それでもテキストや問題集で学んだことから出題されることもあるので、安心してください。
それでは、また例題を挙げます。
最も適切なものを 1つ選びなさい。
1 夫におむつ交換の方法を指導する。
2 夫の頑張りを認めながら, Gさんの状況を聴く。
3 リハビリテーションの導入を検討するように,伝える。
4 夫の介護では限界があることを自覚するように,促す。
5 このままでは寝たきりになるので, Gさんを起こすように話す。
問題文はあえて載せません。むしろこの問題は問題文を見なくても解けるのです。
対人援助については、国が望ましいとされる介護福祉士像をイメージします。
その人がとる対応が正解肢です。
国が望ましいと考えている介護福祉士像・社会福祉士像は「バイステックの原則通りふるまえるか」です。
バイステックの7原則は、
個別化、受容、意図的な感情表現、統制された情緒関与、非審判的態度、自己決定、秘密保持
なんてむずかしく表現されていますが、要するに事例問題においては「いい人」だということです。
例えばこんな人です。
Aさん 38歳 中堅介護職員
この人は、人の話を聞き上手で口は堅く、批判もしない。よくいる「いい人です」。
職場等で思い浮かべると良いでしょう。
この人をイメージすれば正解肢はおのずと見えてきます。
逆にこんな人は駄目です。
Bさん 20歳 新米介護職員
やる気マンマンで人情家。学生時代はバレーボール部に所属し、バリバリの体育会系です。
Cさん 47歳 ベテラン介護職員
この人はクールで仕事はテキパキこなし、施設全体の人的コストがかからないような仕事をし、施設長にも一目置かれています。
BさんもCさんもとても働ける人なのですが、国は理想の介護福祉士像にはしていません。
それでは、Aさんがやりそうな行動はどれでしょう。
1 夫におむつ交換の方法を指導する。
2 夫の頑張りを認めながら, Gさんの状況を聴く。
3 リハビリテーションの導入を検討するように,伝える。
4 夫の介護では限界があることを自覚するように,促す。
5 このままでは寝たきりになるので, Gさんを起こすように話す。
「2」っぽいですね。
その他の言動は、BさんやCさんがやりそうですね。
ちなみに問題文はこんな感じでした。
Gさん(83歳,要介護2)は,夫(85歳)と二人暮らしである。
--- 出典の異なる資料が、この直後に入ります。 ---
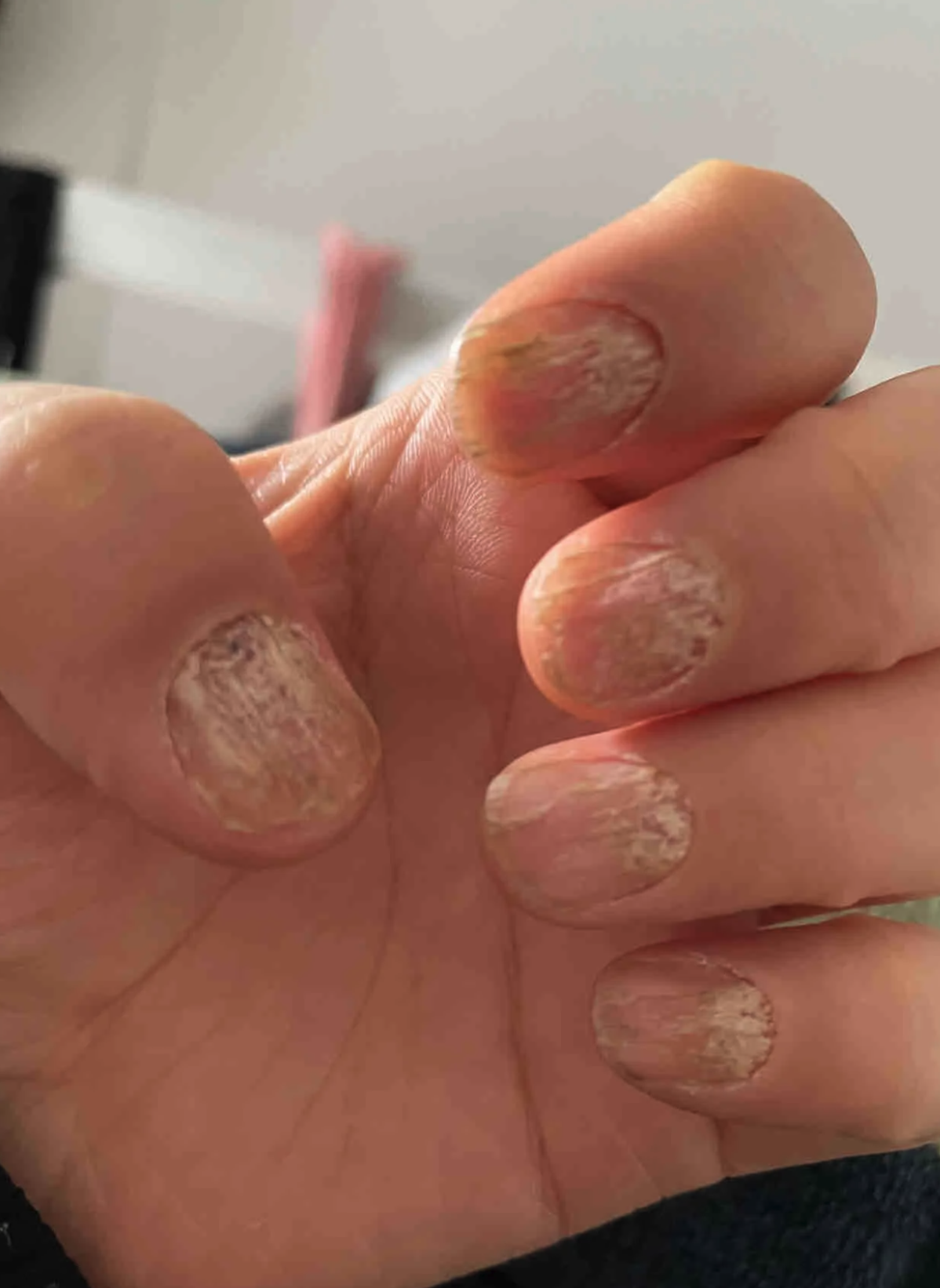 感染性甲病最常见的是真菌感染,比如灰指甲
大腿骨頸部骨折 (femoralneck fracture)で入院していたが,退院時,排池はトイレで自立していた。 退院後,訪問介護(ホームヘルプサービス)を利用することになり,訪問介護員 (ホームヘルパー)が初めて訪問すると, Gさんはおむつをして,ベッドで横になっ ていた。 訪問介護員(ホームヘルパー)が夫との関係づくりのために,最初に行う対応とし て,最も適切なものを 1つ選びなさい。
問題文を見なくてもわかりますね。
適当な感じのことを言ってやがるな、と思っている方もいるかもしれませんが、実はこのような問題にも「バイステックの7原則」が使われています。
実はこの正解肢2「夫の頑張りを認めながら, Gさんの状況を聴く。」には、
「まずは、相手のしてきたことを認めて、批判せず、よくある問題だろうと決めつけずに状況を知ろうとする。」
即ち、
「受容」、「非審判的態度」、「個別化」
等の対人技術が使われているのです。
そして試験委員は、対人技術の事例問題について、こういったことをわかってもらいたいのです。
続いても例題を挙げます。
1「ご家族の価値観で判断してはいけません」
2 「ご本人の考えを優先して,ご家族も考え方を変えましょう」
3 「ご本人が何に関心があるのか,気持ちを聞いてみませんか」
4 「ご本人について理解が足りないから,もっと理解しましょう」
5 「私たちは,ご本人の権利を守る必要があるので,ご本人の意向を優先します」
顔もつけてみましたが、正解肢は「3」です。
クールや熱血はこの試験には適していませんね。
ちなみに問題文は、
家族が利用者本人の意向や状況を理解していないとき,両者の意向を調整するための,家族に対する介護職の言葉かけとして,最も適切なものを1つ選びな さい。
でした。
※全部が全部このように解けるわけではありませんが、介護福祉士試験にしろ社会福祉士試験にしろ対人技術は重要なので、この考え方を参考にしていただければ得点アップにつながると思います。